ST biopsies, synovial fluid (SF) and PBMCs from a nivolumab-treated small cell lung cancer (SCLC) patient with severe peripheral inflammatory polyarthritis and inadequate response to DMARDs (negative RF and ACPA); 3 DMARD-naïve patients with seropositive early RA were used as comparators.

Serial sections from fresh-frozen ST blocks were stained with H&E, CD3, CD45RO, CD55 and CD68 and semi-quantitatively scored. ST, SF and PBMC single cell suspensions were stained with Zombie UV®, CD45RO, PD1, CD3, ICOS, CD8, CD4 CD20 prior to flow cytometric acquisition.
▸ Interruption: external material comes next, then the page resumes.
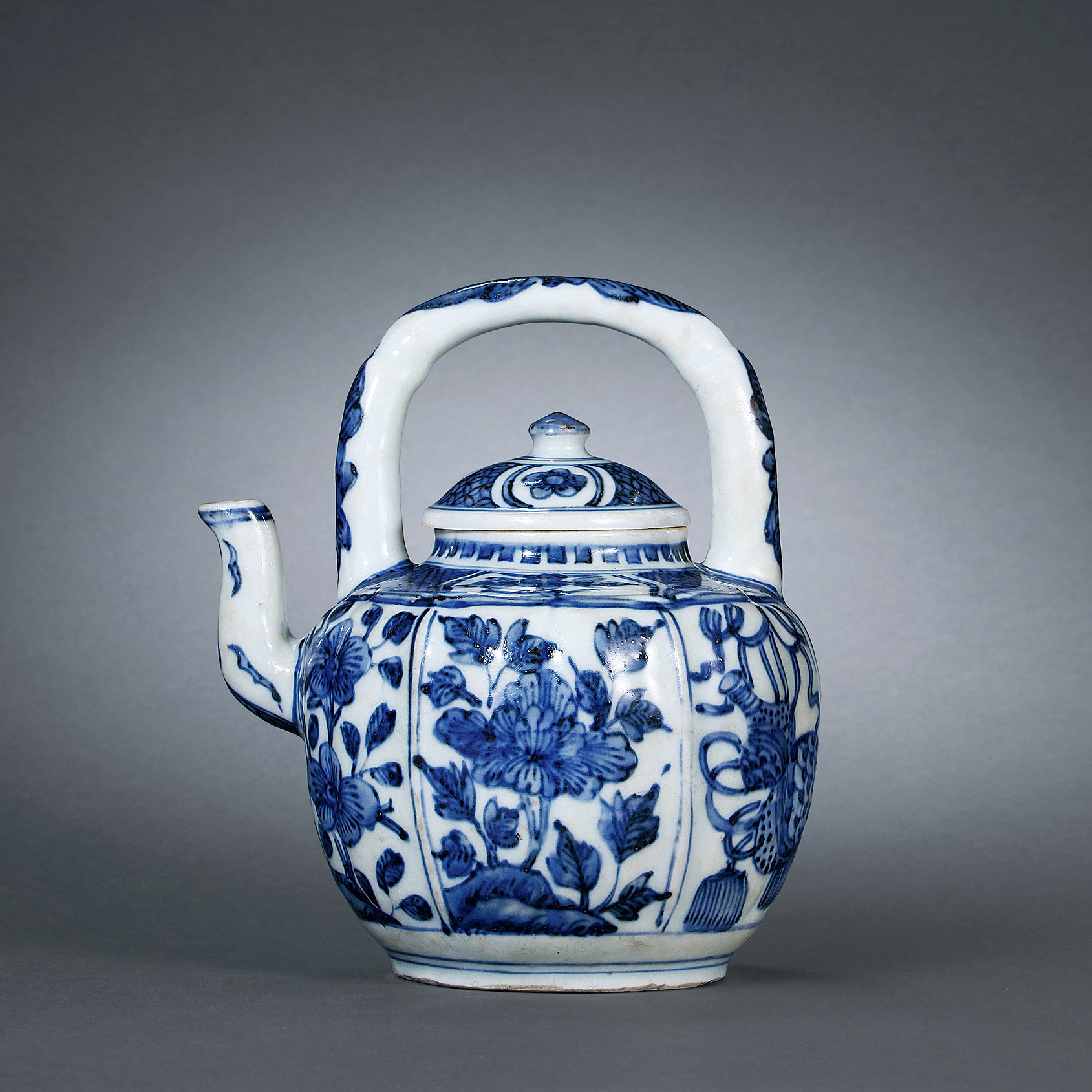 A BLUE AND WHITE‘FLOWERS’ HANDLE KETTLE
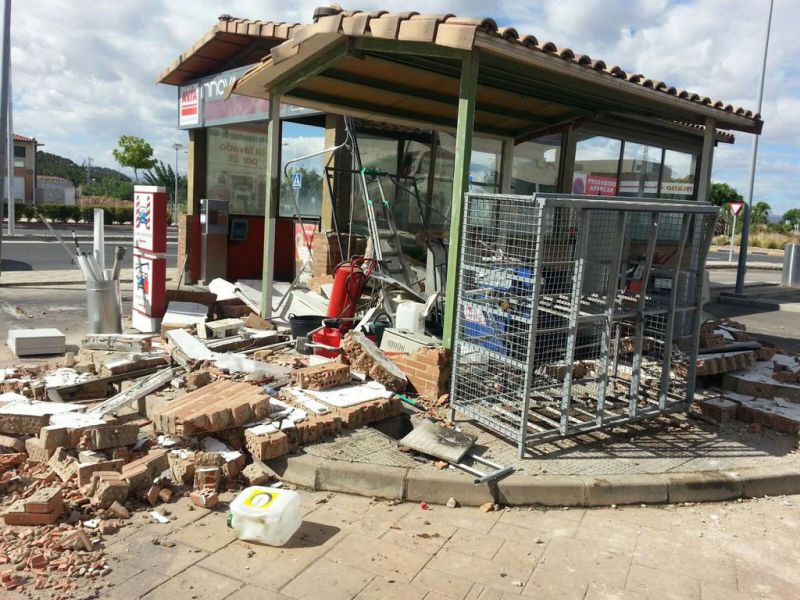 Una fuerte explosión destruye parte de una gasolinera en Tudela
Results: CD68+ macrophage, CD20+ B cell and CD3+ T cell and CD45RO+ memory T cell infiltration in irAE was comparable to RA ST on semi-quantitative scoring, while TNFα staining was markedly elevated in irAE compared to RA (irAE-TNFα; 4, RA-TNFα; 2) (Figure 1). Flow cytometric analysis identified persistent CD45RO_ memory T cell infiltration in the ST and SF compartments (irAE: ST; 27.7, SF; 24.9) compared to RA (RA: ST mean and SEM; 27.5±3.63: SF; 35.9±4.85: n=3 for each), driven by continued occupancy of PD1 by nivolumab even 200-days after cessation of treatment (Figure 2). Finally, treatment with infliximab resulted in partial remission of symptoms and reduced synovitis

Figure 1. A, RA ST sections (images representative of all 3 RA). B, ICI-irAE SCLC ST sections. Images were captured at x10 magnification.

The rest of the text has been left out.